# [Exercise goal]
Pull from the data below each line where the word "Paper" occurs, and copy it.

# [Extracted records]
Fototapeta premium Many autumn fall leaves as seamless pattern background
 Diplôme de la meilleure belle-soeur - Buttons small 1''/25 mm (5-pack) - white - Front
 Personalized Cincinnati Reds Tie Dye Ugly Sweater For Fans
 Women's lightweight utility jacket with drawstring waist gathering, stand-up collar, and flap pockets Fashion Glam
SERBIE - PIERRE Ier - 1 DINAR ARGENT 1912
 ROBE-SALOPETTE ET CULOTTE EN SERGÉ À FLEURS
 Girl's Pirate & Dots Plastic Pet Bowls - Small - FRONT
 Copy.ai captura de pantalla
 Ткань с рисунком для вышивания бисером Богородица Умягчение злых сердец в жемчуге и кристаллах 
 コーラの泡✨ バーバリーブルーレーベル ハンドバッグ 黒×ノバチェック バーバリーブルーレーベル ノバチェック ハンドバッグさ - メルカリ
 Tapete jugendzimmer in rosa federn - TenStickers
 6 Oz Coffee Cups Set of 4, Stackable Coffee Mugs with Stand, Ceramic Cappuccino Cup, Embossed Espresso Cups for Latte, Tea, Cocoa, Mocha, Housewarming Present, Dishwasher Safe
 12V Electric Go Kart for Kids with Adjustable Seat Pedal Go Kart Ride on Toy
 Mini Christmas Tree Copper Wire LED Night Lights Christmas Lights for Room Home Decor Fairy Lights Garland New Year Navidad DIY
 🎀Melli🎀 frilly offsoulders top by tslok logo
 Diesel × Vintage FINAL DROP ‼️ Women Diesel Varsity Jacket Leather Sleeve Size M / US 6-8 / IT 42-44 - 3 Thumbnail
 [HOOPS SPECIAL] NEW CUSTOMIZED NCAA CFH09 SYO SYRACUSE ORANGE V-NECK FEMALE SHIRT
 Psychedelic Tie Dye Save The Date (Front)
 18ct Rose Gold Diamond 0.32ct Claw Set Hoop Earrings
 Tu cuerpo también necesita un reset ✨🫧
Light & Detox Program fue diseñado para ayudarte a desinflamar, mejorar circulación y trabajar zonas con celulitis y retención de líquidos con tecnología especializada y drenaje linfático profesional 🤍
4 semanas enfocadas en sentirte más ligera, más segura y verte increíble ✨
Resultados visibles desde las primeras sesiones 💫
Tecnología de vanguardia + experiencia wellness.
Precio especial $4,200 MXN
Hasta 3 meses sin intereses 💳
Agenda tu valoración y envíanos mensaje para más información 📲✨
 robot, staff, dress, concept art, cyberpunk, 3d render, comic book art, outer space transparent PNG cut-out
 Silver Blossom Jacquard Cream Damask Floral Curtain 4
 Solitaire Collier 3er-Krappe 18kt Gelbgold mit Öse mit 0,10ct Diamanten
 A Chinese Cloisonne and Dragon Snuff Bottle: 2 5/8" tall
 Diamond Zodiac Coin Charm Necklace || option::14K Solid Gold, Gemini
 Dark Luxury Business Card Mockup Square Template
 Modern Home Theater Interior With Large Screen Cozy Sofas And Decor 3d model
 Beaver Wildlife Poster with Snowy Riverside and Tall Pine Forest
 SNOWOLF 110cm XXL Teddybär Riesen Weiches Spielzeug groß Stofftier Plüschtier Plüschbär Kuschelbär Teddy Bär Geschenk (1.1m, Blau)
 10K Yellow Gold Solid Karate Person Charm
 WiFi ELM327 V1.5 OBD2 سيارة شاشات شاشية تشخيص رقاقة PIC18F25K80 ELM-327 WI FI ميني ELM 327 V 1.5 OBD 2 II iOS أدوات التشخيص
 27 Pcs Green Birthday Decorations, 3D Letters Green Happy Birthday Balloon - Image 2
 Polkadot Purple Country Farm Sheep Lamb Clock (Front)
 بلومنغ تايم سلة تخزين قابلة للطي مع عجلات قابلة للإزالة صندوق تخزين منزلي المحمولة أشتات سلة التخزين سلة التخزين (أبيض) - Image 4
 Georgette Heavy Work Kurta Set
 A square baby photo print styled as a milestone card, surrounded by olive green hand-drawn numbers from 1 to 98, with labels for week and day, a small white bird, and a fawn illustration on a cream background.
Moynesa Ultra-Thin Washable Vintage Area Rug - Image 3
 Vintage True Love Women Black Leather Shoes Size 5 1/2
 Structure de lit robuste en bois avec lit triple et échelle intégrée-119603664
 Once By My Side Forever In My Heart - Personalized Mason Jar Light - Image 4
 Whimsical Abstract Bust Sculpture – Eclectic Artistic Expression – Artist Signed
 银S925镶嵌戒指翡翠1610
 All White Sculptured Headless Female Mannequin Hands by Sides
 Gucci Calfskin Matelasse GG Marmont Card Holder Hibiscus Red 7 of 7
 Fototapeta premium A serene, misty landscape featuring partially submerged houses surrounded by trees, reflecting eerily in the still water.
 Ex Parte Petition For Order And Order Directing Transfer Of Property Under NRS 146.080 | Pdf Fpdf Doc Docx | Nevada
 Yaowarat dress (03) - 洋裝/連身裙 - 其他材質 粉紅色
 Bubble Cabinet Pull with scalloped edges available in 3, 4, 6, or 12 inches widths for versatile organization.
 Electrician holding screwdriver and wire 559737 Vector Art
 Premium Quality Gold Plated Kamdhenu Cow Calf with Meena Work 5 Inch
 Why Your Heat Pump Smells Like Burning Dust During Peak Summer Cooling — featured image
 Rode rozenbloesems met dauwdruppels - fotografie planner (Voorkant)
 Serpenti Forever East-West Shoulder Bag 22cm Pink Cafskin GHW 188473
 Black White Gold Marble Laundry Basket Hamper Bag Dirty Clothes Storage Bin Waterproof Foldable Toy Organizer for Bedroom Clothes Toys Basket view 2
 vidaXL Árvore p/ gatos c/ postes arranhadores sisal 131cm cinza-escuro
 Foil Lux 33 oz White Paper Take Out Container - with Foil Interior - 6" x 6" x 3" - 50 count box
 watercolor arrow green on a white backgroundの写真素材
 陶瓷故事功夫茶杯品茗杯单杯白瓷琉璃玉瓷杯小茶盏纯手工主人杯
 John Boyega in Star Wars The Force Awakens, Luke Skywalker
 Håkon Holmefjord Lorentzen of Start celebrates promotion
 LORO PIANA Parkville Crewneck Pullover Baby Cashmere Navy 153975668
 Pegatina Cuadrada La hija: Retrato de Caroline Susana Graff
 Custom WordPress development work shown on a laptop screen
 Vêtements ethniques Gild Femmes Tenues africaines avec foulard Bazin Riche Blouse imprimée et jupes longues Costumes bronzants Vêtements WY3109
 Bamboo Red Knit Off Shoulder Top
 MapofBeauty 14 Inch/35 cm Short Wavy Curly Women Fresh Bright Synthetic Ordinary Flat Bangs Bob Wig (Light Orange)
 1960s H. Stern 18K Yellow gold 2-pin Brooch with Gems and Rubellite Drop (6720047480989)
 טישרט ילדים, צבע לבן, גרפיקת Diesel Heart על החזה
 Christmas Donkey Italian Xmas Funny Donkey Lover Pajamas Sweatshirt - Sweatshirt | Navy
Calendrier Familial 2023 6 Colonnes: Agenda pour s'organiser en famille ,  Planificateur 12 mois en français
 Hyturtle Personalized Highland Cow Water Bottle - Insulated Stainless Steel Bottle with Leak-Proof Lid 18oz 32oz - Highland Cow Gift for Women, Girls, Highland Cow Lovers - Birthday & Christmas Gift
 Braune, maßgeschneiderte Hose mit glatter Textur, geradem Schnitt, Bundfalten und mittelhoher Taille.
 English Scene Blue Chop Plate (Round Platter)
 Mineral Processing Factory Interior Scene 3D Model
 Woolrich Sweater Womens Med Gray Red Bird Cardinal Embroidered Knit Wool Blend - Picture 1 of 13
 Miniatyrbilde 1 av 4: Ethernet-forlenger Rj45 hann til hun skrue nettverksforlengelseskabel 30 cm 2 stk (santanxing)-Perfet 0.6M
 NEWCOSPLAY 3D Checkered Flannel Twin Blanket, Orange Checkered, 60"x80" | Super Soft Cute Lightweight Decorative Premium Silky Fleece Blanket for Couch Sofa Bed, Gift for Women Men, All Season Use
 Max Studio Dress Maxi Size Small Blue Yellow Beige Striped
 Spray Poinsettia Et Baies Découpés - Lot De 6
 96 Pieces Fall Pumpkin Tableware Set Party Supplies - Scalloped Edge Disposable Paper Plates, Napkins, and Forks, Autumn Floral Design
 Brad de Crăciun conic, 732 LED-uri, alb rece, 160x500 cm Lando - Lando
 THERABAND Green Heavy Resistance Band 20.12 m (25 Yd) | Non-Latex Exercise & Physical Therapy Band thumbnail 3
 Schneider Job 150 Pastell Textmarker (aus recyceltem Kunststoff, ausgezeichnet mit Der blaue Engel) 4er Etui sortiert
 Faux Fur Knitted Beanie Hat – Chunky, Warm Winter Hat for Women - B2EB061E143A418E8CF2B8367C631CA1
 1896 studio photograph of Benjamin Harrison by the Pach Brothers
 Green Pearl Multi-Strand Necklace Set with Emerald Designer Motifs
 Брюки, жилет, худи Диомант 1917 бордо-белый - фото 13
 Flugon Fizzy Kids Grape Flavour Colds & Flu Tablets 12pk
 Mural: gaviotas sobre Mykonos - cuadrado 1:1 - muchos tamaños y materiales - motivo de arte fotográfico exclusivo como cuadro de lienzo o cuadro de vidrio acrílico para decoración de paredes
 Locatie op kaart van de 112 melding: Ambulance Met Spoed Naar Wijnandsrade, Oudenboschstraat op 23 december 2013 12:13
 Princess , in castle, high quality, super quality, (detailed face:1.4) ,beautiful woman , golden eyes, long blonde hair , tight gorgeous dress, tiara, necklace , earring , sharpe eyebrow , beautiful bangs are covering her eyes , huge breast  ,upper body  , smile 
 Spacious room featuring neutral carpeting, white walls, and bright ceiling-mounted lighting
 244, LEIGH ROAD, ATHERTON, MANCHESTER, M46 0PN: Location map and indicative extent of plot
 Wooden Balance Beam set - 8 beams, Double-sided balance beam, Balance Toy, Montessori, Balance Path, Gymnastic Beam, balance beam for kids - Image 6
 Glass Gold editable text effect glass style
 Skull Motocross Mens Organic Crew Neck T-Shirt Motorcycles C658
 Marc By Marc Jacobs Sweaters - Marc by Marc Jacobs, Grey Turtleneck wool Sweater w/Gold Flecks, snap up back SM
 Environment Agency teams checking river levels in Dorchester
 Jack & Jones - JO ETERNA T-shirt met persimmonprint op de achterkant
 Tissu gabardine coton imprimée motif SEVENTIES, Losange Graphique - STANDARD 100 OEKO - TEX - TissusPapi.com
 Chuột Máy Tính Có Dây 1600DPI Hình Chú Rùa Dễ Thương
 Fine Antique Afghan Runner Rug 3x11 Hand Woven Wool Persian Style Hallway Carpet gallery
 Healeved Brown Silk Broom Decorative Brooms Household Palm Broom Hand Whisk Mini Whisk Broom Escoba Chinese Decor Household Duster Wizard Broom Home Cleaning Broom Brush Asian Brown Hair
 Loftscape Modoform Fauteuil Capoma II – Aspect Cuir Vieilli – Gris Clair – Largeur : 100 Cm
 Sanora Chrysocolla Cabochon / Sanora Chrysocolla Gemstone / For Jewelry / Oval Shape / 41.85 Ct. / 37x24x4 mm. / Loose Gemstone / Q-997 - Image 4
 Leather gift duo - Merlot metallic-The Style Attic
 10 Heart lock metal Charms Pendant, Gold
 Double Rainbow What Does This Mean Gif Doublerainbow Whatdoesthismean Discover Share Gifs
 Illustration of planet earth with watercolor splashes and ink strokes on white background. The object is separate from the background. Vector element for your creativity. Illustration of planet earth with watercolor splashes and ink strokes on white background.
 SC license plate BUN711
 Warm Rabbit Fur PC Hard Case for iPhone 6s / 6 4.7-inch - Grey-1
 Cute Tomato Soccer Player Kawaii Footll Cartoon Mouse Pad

# [Completed exercise]
 Foil Lux 33 oz White Paper Take Out Container - with Foil Interior - 6" x 6" x 3" - 50 count box
 96 Pieces Fall Pumpkin Tableware Set Party Supplies - Scalloped Edge Disposable Paper Plates, Napkins, and Forks, Autumn Floral Design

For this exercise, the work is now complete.